Exercise aim -> Could you give the entries back exactly as they stand, minus any pictures?

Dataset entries
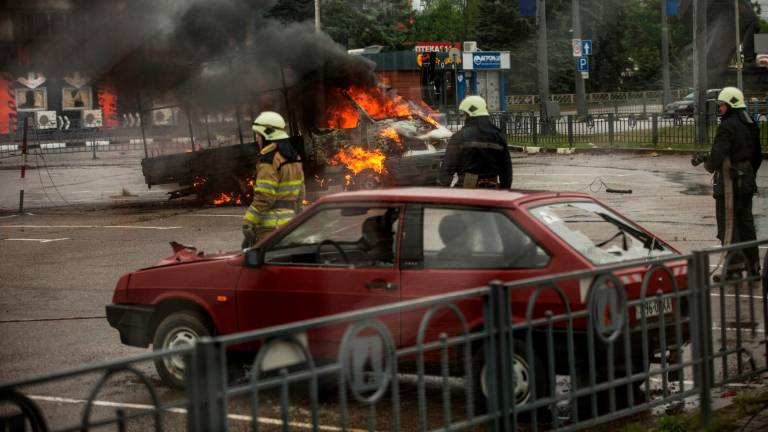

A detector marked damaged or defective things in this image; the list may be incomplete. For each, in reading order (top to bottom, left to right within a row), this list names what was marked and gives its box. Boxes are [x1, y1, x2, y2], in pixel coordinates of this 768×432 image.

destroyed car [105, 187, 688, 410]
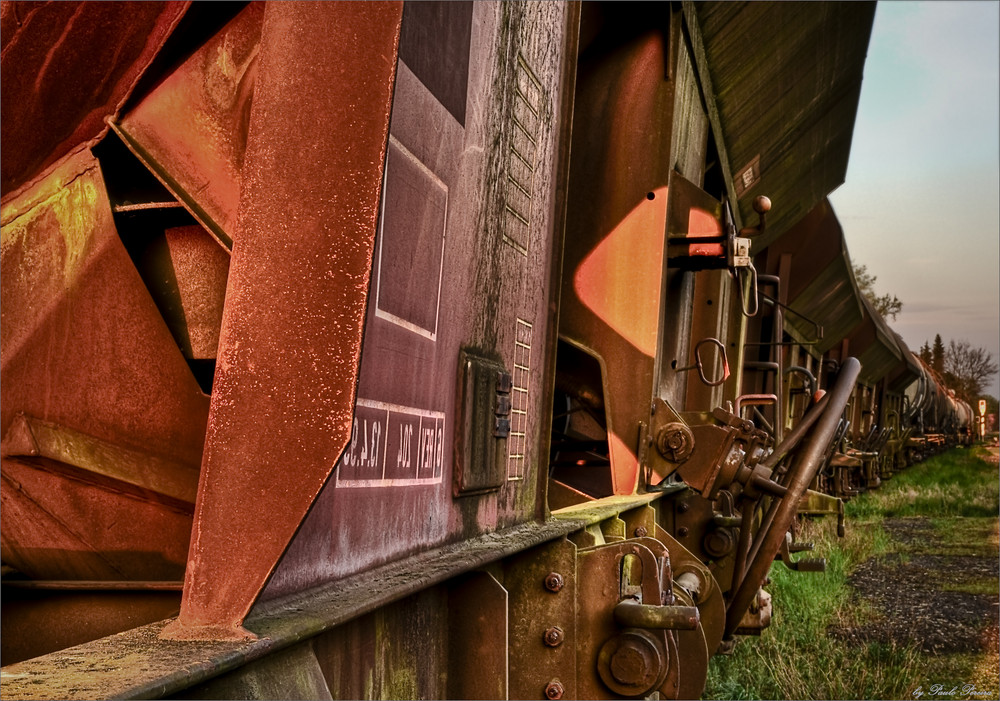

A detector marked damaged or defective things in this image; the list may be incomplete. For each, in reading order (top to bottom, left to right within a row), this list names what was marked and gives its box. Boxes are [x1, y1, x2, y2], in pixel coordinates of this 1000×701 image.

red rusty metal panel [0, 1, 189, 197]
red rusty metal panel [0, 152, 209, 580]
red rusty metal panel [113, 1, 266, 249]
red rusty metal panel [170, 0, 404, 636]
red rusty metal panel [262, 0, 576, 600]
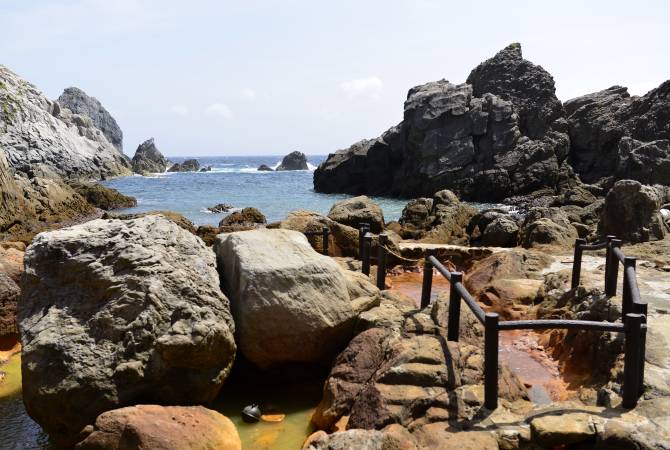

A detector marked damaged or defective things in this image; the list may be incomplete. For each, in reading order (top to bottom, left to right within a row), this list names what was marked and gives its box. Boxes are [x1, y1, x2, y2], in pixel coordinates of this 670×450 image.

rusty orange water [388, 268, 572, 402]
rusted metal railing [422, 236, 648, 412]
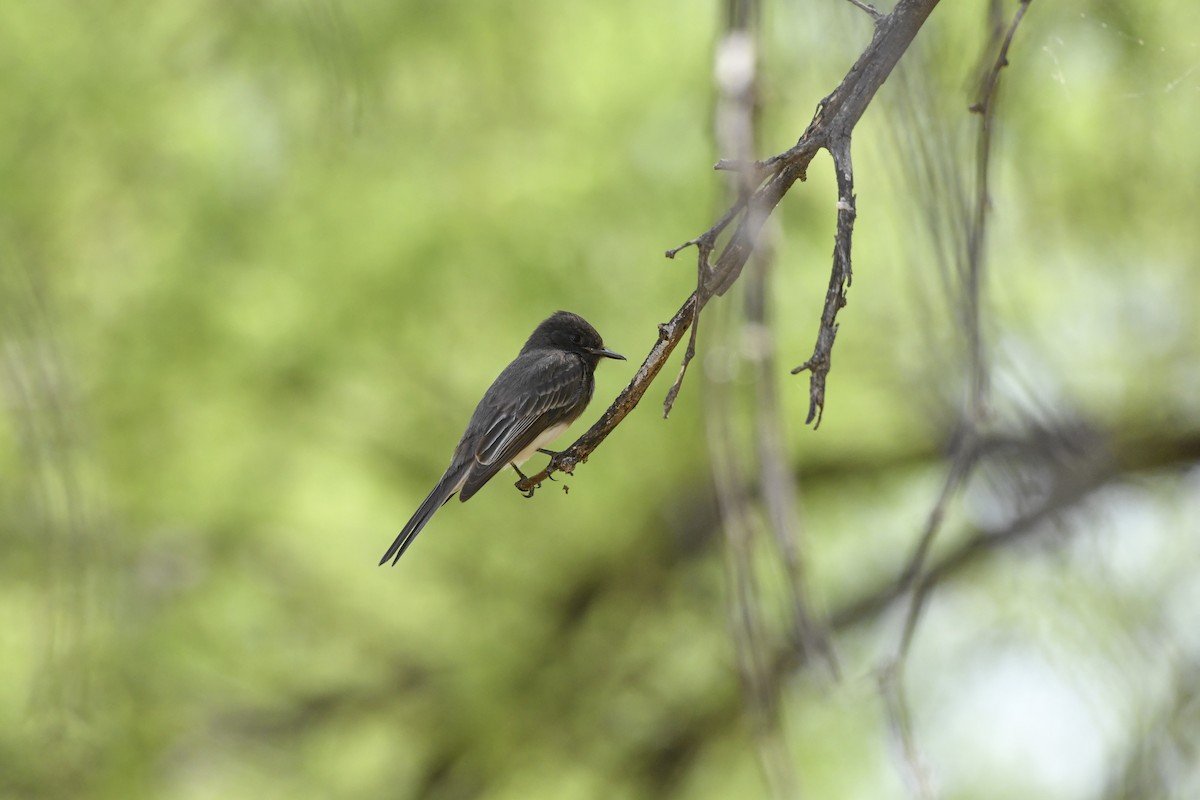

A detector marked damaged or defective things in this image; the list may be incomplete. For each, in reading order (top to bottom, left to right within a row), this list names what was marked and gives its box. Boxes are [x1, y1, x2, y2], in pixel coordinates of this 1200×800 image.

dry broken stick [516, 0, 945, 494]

Written response ->
A detector marked damaged or defective things in this image; the list may be incomplete. For each, in reading order (top to bottom, left to right within a row), this list names what was marked and gives its box. Boxes are [x1, y1, x2, y2], in pixel coordinates of this 768×432 image.

destroyed car [105, 187, 688, 410]

A detector marked damaged or defective things in this image; the list may be incomplete. For each, in reading order (top to bottom, left to right within a row), this list names what was marked and gives its box. Boxes are [x1, y1, x2, y2], in pixel coordinates of this 1000×701 image.

red rusty metal panel [0, 1, 189, 197]
red rusty metal panel [0, 152, 209, 580]
red rusty metal panel [113, 1, 266, 249]
red rusty metal panel [170, 0, 404, 636]
red rusty metal panel [262, 0, 576, 600]

A detector marked damaged or defective things in this image; the list may be incomplete. For each, in reading order (top to bottom, left to right within a row), this list names what was marked and gives its box. Boxes are [x1, y1, x2, y2], in pixel coordinates of this 670×450 image.

rusty orange water [388, 268, 572, 402]
rusted metal railing [422, 236, 648, 412]

A detector marked damaged or defective things in this image; the list may be incomplete. For each, in reading order (top to bottom, left to right within a row), this list names what was marked and gives its box. Boxes are [x1, y1, x2, y2], in pixel coordinates of this 1200×800 image.

dry broken stick [516, 0, 945, 494]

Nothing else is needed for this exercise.